I had not looked at this code for over a year and when I reopened it to estimate the cost of adapting the software to the new hardware component, I found it as a jumble of hard-to-understand code. So I start looking on "Git" for the history of the changes made to that code in the last year. Going backwards, I saw that some adjustments had been made, one worse than the other, but with great disappointment I realized that the first doing a bad coding was myself. I did it to implement the "UserUndetect" feature which allowed to stop the movement of the steps when the user leaves the equipment without having finished or stopped the exercise. In this way, if another user arrives before the exercise ends for "unmovement timeout", he will still find the climb braked.

This error of mine was a bad design mistake. Instead of considering the "UserUndected" as a new state of the "ClimbStateMachine" I had handled this event within the pre-existing states. I had therefore complicated the logic of existing states with a duplication of code between states. I realized I was wrong but there was no more time, I had to close the version for release. So I thought I'd write some comments on the code to make it more understandable, since it was very complicated. The purpose was still to go back over it to remedy that technical debt, but then I forgot.

So I left a "ugly broken window" in the code, broken not only by the bad design and code duplication but also by the comments I put in.

figure 2 : class diagram and state diagram of "ClimbStateMachine"

Let me give you a piece of advice: when you think you have to write a comment to make the code understandable, it means that you have written poor code. Good code does not need comments to be understood. Robert Martin in "Clean Code" says:?"Don’t comment bad code, rewrite it." (2.).

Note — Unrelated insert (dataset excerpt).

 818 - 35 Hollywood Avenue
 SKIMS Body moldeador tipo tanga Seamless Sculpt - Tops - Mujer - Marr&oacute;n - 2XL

Nothing can be quite so damaging as an old comment that propagates lies and misinformation. The use of comments is to compensate for our failure to express ourselves in code. Indeed, comments are, at best, a necessary evil. If we had the talent to express our intent with just the programming language and identifier names (3.), we would never need comments. "So when you find yourself in a position where you need to write a comment, think it through and see whether there isn’t some way to turn the tables and express yourself in code".

One of the more common motivations for writing comments is bad code. We write a module and we know it is confusing and?disorganized, as I did in the example I told you. Clear and expressive code with few comments is much better than messy and complex code with lots of comments. "Rather than spend our time writing the comments that explain the mess it would be better to spend it cleaning that mess".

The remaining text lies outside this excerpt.